Notebook

In [275]:

import numpy as np
import matplotlib.pyplot as plt
import scipy
from scipy.special import comb

On the corners of the hypercube¶

The curse of dimensionality™ refers to counter-intuitive phenomenons happening in high dimensions. It is often illustrated by the fact that for the hypercube $[0,1]^d$ of dimension $d$, most of the volume is next to the borders. Another way to see it is: for a point $X$ drawn uniformly at random from this cube, at least one coordinate of $X$ will be $\varepsilon$ close from $0$ or $1$ with probability $1-(1-2\varepsilon)^d$.

In truth, most of the volume of the hypercube is in the corners. But which corner exactly? We computed the probability that $X$ lands $\varepsilon$ close from a $(d-1)$-face, eg an hyperplane closing the hypercube. We could also compute the probability that $X$ lands $\varepsilon$ close from a $(d-k)$-face of the hypercube, eg an affine subspace of dimension $d-k$ closing the hypercube. Let's call this volume/probability $V(\varepsilon, k , d)$. For example, in 3d, we can wonder what is the probability that $X$ lands next to an edge $V(\varepsilon,k=2,d=3)$. We detail how to calculate this volume below.

It is in fact easier to estimate the volume that is at least $\varepsilon$ far from all $(d-k)$ face: $1-V(\varepsilon, k , d)$.
To define a $(d-k)$-faces, one needs to set $k$ coordinates to $0$ or $1$, so the number of such faces is $2^k \binom{d}{k}$.
For each face of dimension $d-j > d-k$, we add the volume that is $\varepsilon$ close from its center of area $(1-2\varepsilon)^{d-j}$, meaning $\varepsilon^j (1-2\varepsilon)^{d-j}$.
The resulting formula is the partial binomial sum:

$$ 1-V(\varepsilon, k , d) = \sum_{j=0}^{k-1}\binom{d}{j} (2\varepsilon)^{j} (1-2\varepsilon)^{d-j}$$

One can verify that this formula recovers the whole volume $1$ when $k=d+1$ (there is no face of dimension $-1$) and that it gives the right formulas for $k=1$ and $k=d$.
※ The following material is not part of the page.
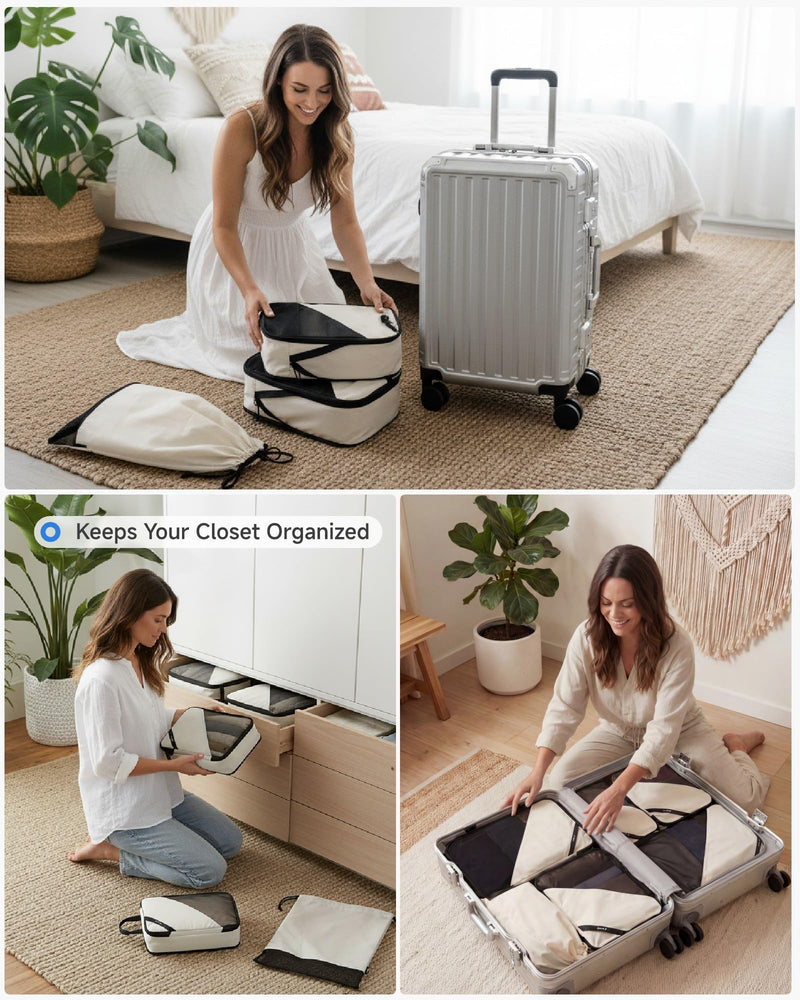 LUGGEX Zipperless Carry On Luggage and 4 Set Packing Cubes Bundle – Travel Essentials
Let us study the behavior of this formula. For a given $\varepsilon$, we would like to know what is the dimension of the faces around which most of the volume is concentrated. As we will see, in high dimensions, there is a quick phase transition around a precise value of $k$.

In [302]:

def face(eps , d):
    """Return the probability that a point sampled uniformly at random
    from the d dimensional hypercube lands eps-close from a (d-k)-face
    for all values of k.
    """
    inds = np.arange(d)
    binomials = np.zeros(d)
    for j in range(d):
        binomials[j]=comb(d,j)
    terms = (2*eps)**inds * (1-2*eps)**(d - inds) * binomials
    terms = np.concatenate([[0],terms])
    probas = 1 - np.cumsum(terms)
    return probas

print('extremities of a line ', face(0.1, 1))
print('corners of a square ', face(0.1, 2))
print('vertex of a cube ', face(0.1, 3))

extremities of a line  [1.  0.2]
corners of a square  [1.   0.36 0.04]
vertex of a cube  [1.    0.488 0.104 0.008]
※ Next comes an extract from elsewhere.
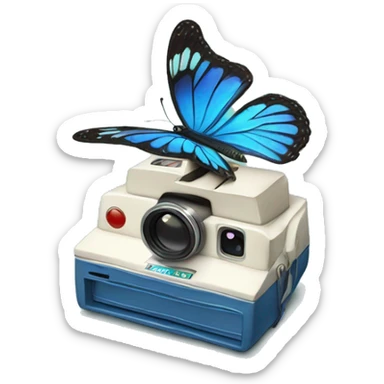 a blue butterfly coming out of a polaroid photo sticker
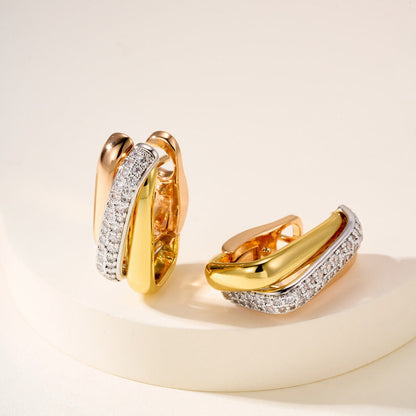 [Renovia Jewelry]TRINITY HALF DIAMOND  CUSHION EARRINGS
This is a three dimensional real valued function. I want to understand its behavior. Three d plots are hard to understand so I will fix dimensions one by one.
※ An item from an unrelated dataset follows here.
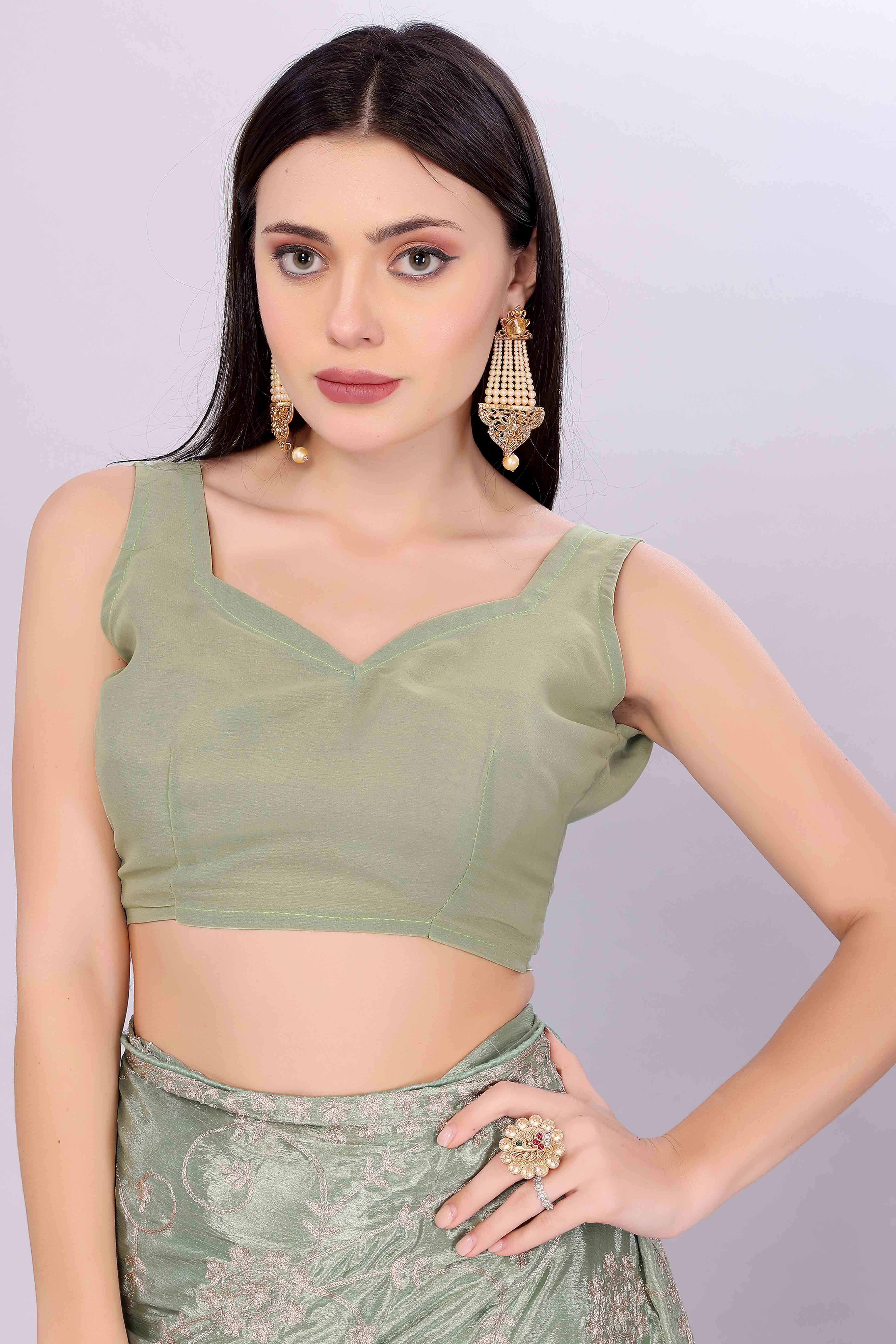 Sage Green Chinon Silk Saree Adorned With Fine Floral Thread Work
Phase transition (fixed epsilon)¶

Plot the evolution of the probability as a function of $k$ when $d$ increases. The goal is to observe the phase transition happen for higher dimensions. The dimension for which this phenomenon starts to happen also depends on epsilon. Understanding the relationship between this critical dimension $d$, the critical $k$ and $\varepsilon$ could be interesting.

In [310]:

eps = 0.22
ds = np.concatenate([np.arange(1,5),
                     [10,20,50, 100, 200, 1000]])

In [311]:

for d in ds:
    probs = face(eps, d)
    plt.plot(np.linspace(0,1,d+1), probs, label=d)
plt.legend()
plt.xlabel('ratio k/d')
plt.ylabel(r'$P(\varepsilon={},k,d)$'.format(eps))

Out[311]:

Text(0,0.5,'$P(\\varepsilon=0.22,k,d)$')

Fixed dimension¶

For a given dimension, plot the probability as a function of k and epsilon

In [321]:

resolution = 200
d = 100
epsilons = np.linspace(0,0.5, resolution)

In [322]:

probs = np.zeros([d+1, resolution])
for i, eps in enumerate(epsilons):
    probs[:,i] = face(eps,d)

In [323]:

plt.pcolormesh(epsilons, np.arange(d+1), probs, alpha=1, cmap='seismic')
plt.colorbar()
plt.ylabel('dimension k')
plt.xlabel(r'size $\varepsilon$')
pass

The phase transition happens on the line $k/d = 2\varepsilon$, for all dimensions. This is verified for all dimensions $d$. Is this phenomenon simple to deduce from the formula? YES

Such a phase transition means that some coefficients of the sum $\sum_{j=0}^{k-1}\binom{d}{j} (2\varepsilon)^{j} (1-2\varepsilon)^{d-j}$ are much larger than the others. We can show that the maximum of these coeffecients happen asymptotically for $\alpha=2\varepsilon$. But first let us introduce a helpful lemma.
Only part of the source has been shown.